Because of that, McGarry noted the distie is able to identify those opportunities and work with the partners.
“We can invest ahead of the curve, make sure we've got the right expertise and skill set to help get ahead of it and to augment our partner capabilities as well,” she said.
McGarry used the example of cyber security, which she said is growing rapidly.
“I was on the road a few weeks ago presenting and we know that the cyber resiliency piece is absolutely critical,” she said.
“Our partners are being asked to do more in that space. It's at the board level, conversation Cyber Risk and Insurance that we're seeing.
“We know that we need to have capability internally to be able to support our partners, whether it's augmenting capability or white labelling for them.”
Xvantage adoption down under
Ingram Micro launched Xvantage in April 2024, with just over a year into this journey, McGarry said they have more than 5,500 partners in their ecosystem onboarded.
“That's a substantial number of partners that are leveraging the platform each and every day,” she said.
The partners and customers are using the platform to “do more, sell more, grow more, to free their teams up, to be able to focus on higher value work, and for them to be out talking to their end users and driving value”.
McGarry said they’re “proud” that they’ve got that many customers already on board.
"It talks to the fact that, typically, in Australia and New Zealand, we are early adopters,” she explained.

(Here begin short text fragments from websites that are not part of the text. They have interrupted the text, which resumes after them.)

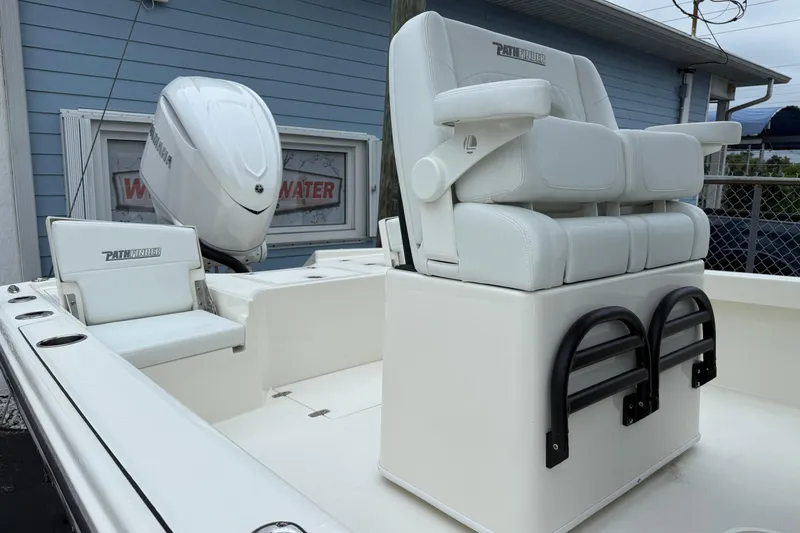 Slide: The Image of 2026 Pathfinder 2500 Hybrid boat interior with white seating and Yamaha engine. - 8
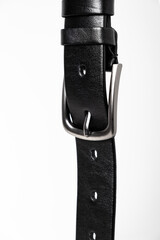 Wall Mural - Black leather belt for trousers and jeans. Fastened fashionable men leather belt with dark chrome matted metal buckle isolated on white background. Male accessory. Luxury strap. Haberdashery goods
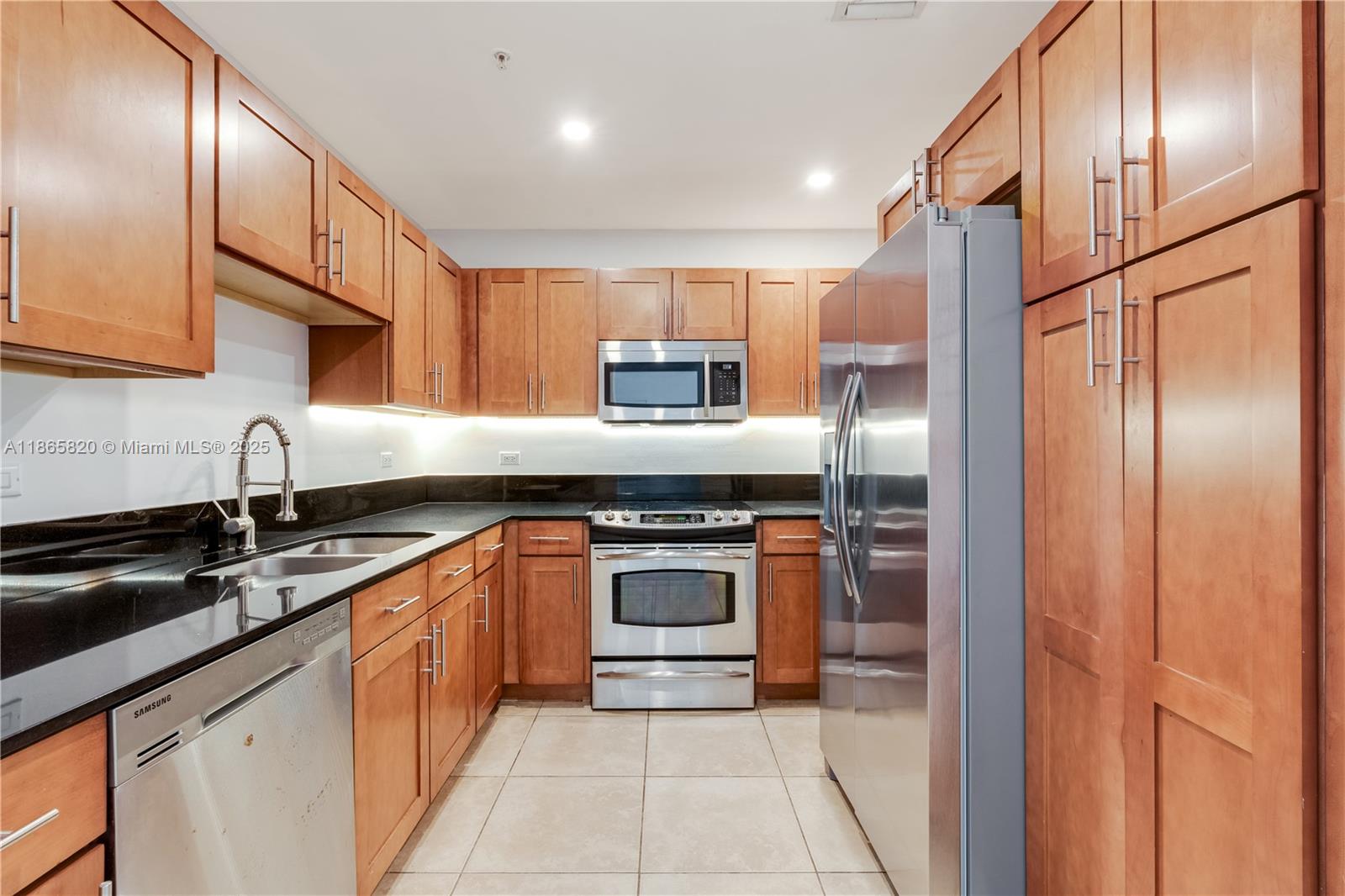 8395 Southwest 73rd Avenue, Unit 517 Miami, FL 33143 - Photo 5 of 27 a kitchen with stainless steel appliances granite countertop a refrigerator a sink a stove and oven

“That's a good thing. Over 3 million searches on the platform today, which is also impressive, and over 150,000 orders have been placed.
"Given that we only launched in April of last year, the trajectory is strong. Then anecdotally or qualitatively, the feedback from the partner ecosystem has been exceptionally positive.”
Views on the APAC market
Travelling around the APAC region for a couple of weeks, Bay said Australia is one of the disties “top countries” and that excites him.
"What we're doing and what McGarry and team are doing around how we can help enable that and be a true business partner to our customers as they're out solving for business challenges and user challenges and those outcomes that are out there,” he said.
"We can do that at scale, both from a local level, a regional level and a global level.”
From his point of view, he sees a lot of movement within the APAC region.
“The overall opportunity and the diversity that happens in this region, from a melting pot of from a global perspective.
“There's a lot that goes on in this region, so it's the forward thinking and the opportunity to continue to grow,” he explained.
Bay said there is a reason why APAC is 27 percent of the company’s revenue.
“We made those investments. One of the differentiations we talk about is investing ahead of the curve, and that was what we did around Asia Pacific, specifically, and more importantly, of what we've done around Australia,” he added.
McGarry explained to CRN Australia that her team gets her excited and gets her out of bed every day.
“I have an amazing team, and I think leading people is such a privilege,” she said.
“Leading my team and supporting our customers to be successful and our vendors is really the motivation. We truly are here to support our customers and our vendor success and that's really all the motivation that myself and the team need.”
Seeing all the wins keeps McGarry and her team motivated.
“When we see our vendors growing, we see our partners winning, and we've played a role in that, it's exceptionally rewarding to see that,” she explained.
“We live, breathe, eat and sleep it, the challenges and the wins. We celebrate a lot of that with our customers when we see them have success. That's the thing that motivates me the most. It's intrinsic motivation.”
Editor’s note: This interview was conducted prior to the Ingram Micro ransomware attack.